In 1895, Adler received his medical degree from University of Vienna. This is where he met his wife Raissa Timofeyewna Epstein. She was an intellectual and social activist from Russia. They married in 1897, had four children, and two would become psychiatrists.

He began his medical career as an opthamologists, later switching to general practice. He established his office across from an amusement park and circus in the lower class part of Vienna. Most his clients were circus performers. He studied their unusual strengths and weaknesses, and this gave him insights on his organ inferiority theory.

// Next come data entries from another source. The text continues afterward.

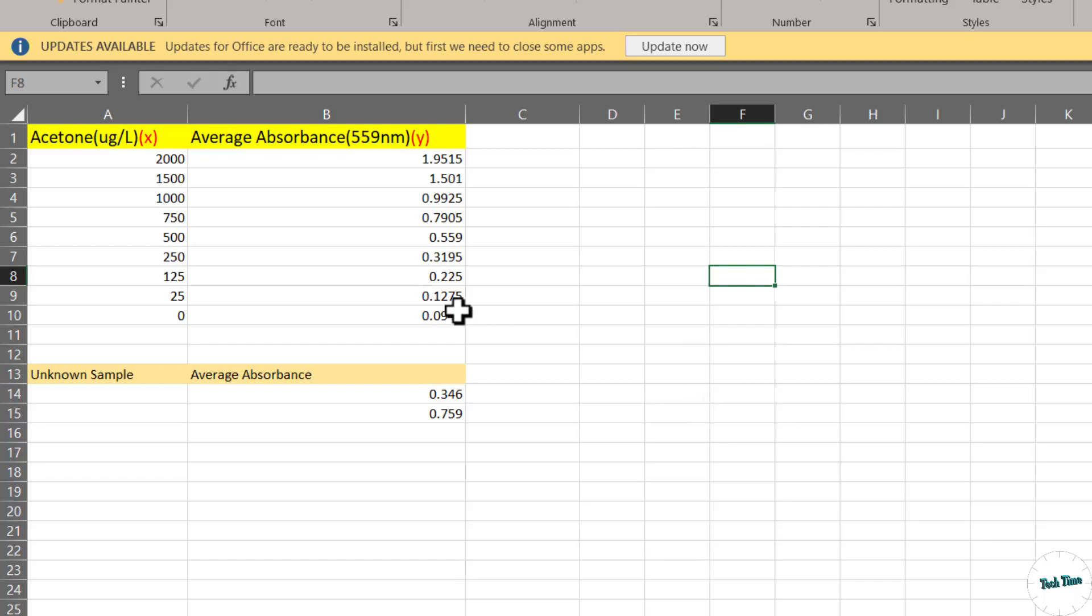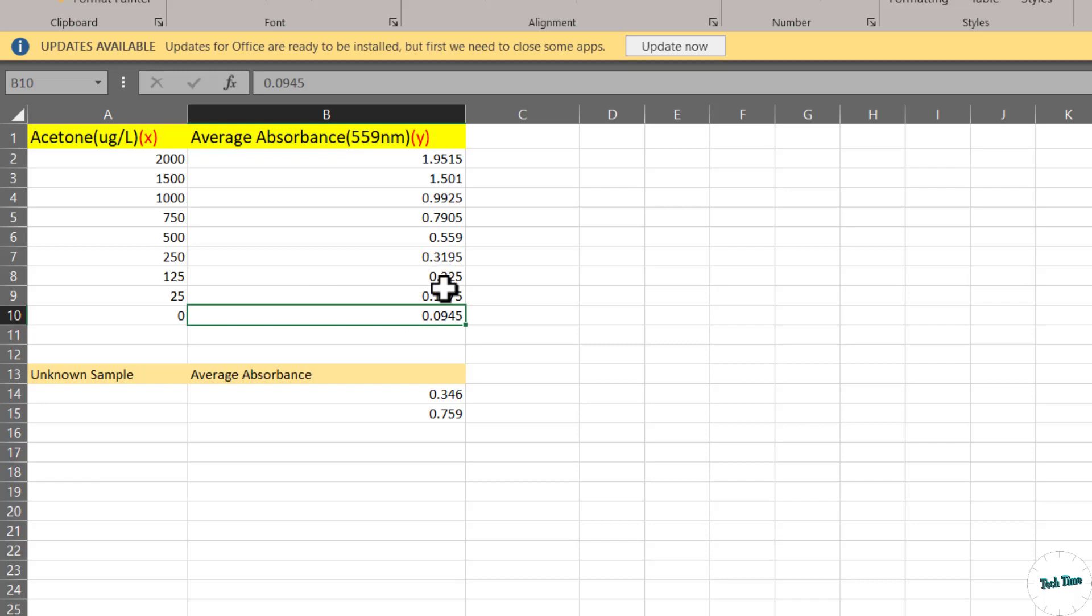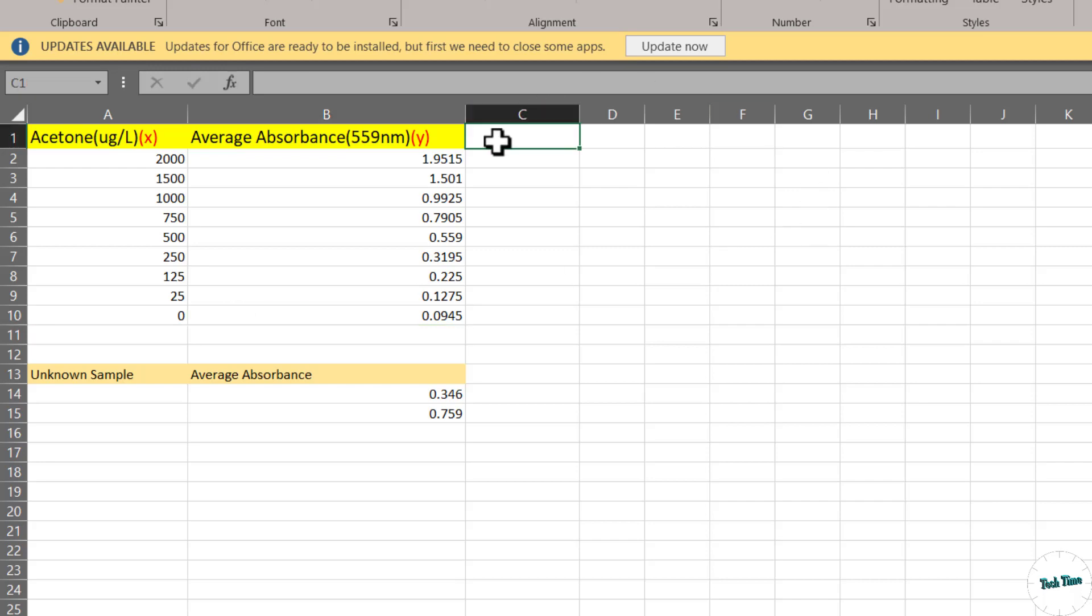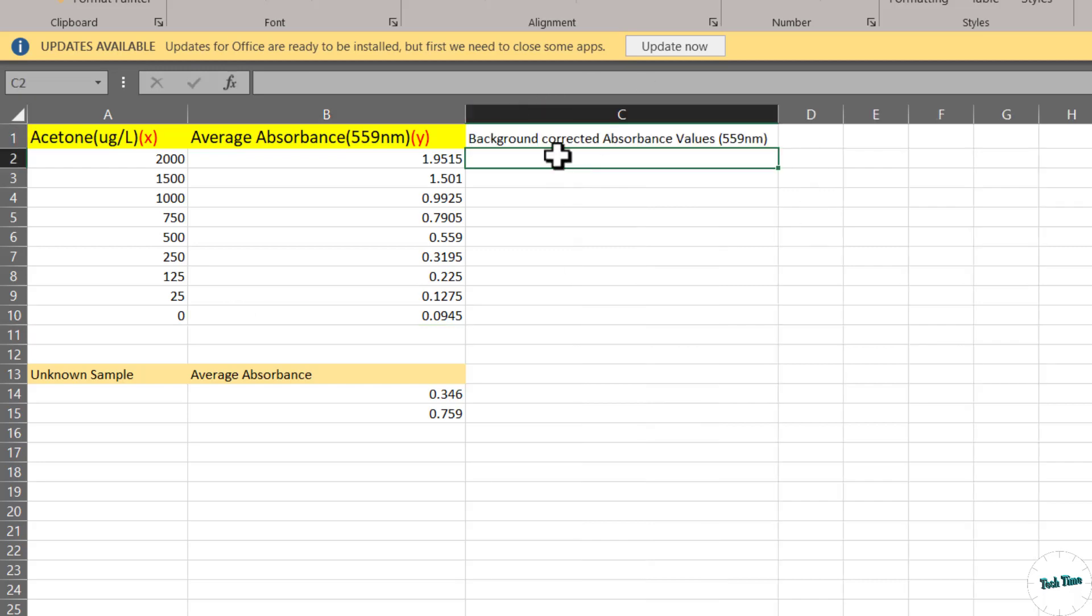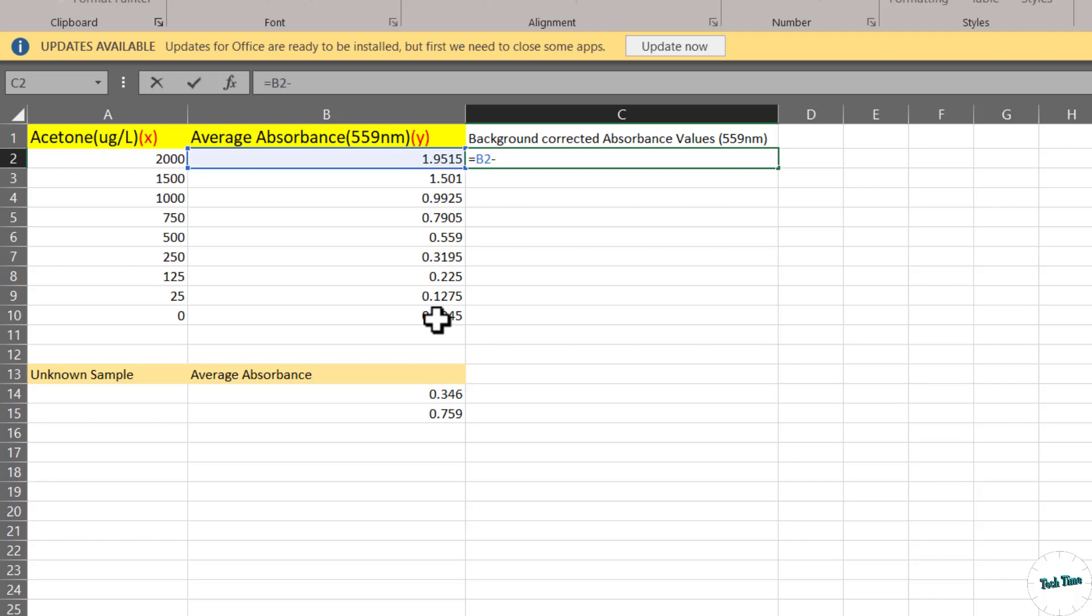The first and foremost step is to subtract this absorbance value from all these absorbance values. The values obtained will be called background corrected absorbance values. Let me put it over here. Just to do this, we'll insert equals, take the first sample minus the absorbance value for the sample without any acetone. Let's choose this one.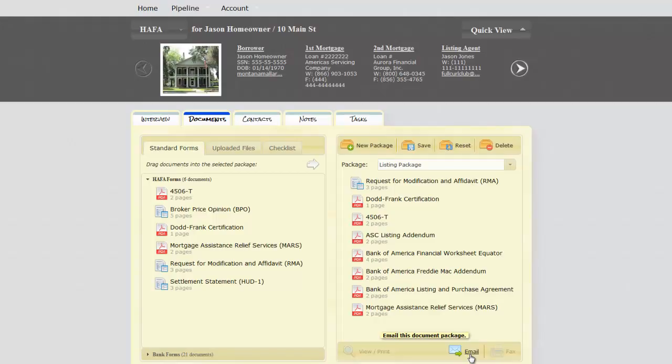Have a great day. We hope you see how much time having all of these things for your seller or your loan mod client will save by having it right here in the Short Sale Sync system.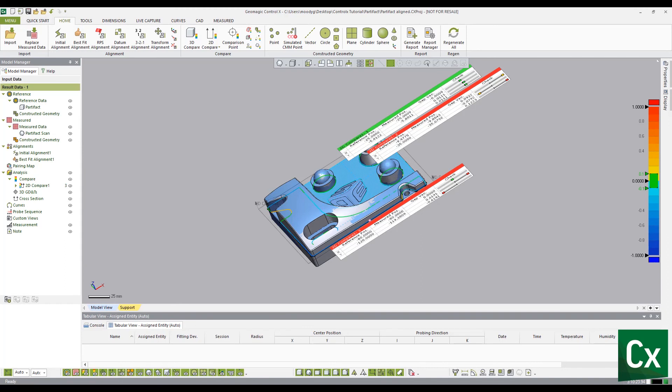Thank you for watching this Geomagic Control X tutorial. Please like if this was helpful or leave a comment if something needs to be changed.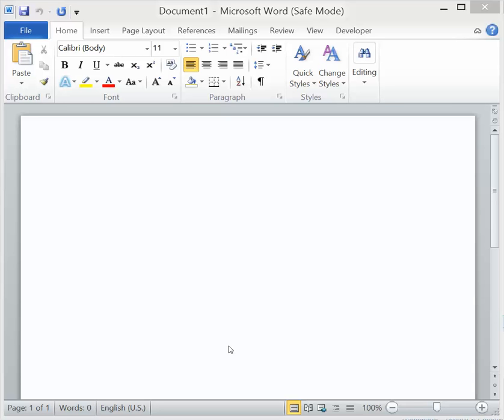Hello, this video is about creating mirrored text in Microsoft Word using WordArt. This is for versions Word 2010 and 2013.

Later, Alfred turned to psychiatry and joined Freud's discussion groups in 1907. He wrote papers on organic inferiority. He also wrote a paper concerning aggression instinct and Freud did not approve. In addition, Alfred wrote a paper on children's feelings of inferiority. Which agreed with Freud's sexual notions. Freud named Adler president of Viennese Analytic Society co-editor of organization newsletter. In 1912, Adler and nine other members established The Society for Individual Psychology.

During WWI, Alfred was a physician for the Austrian Army at first he was on the Russian front and then moved to the children's hospital. He saw firsthand the damage war can do. After the war, he did various projects such as: clinics at a state school and training of teachers.

In 1926, Alfred came to the United States to lecture, he accepted a visiting position at Long Island College of medicine. He took his family and moved to the U.S. Austrian psychiatrist, Alfred Adler died of a heart attack while doing a series of lectures at Aberdeen University in Scotland.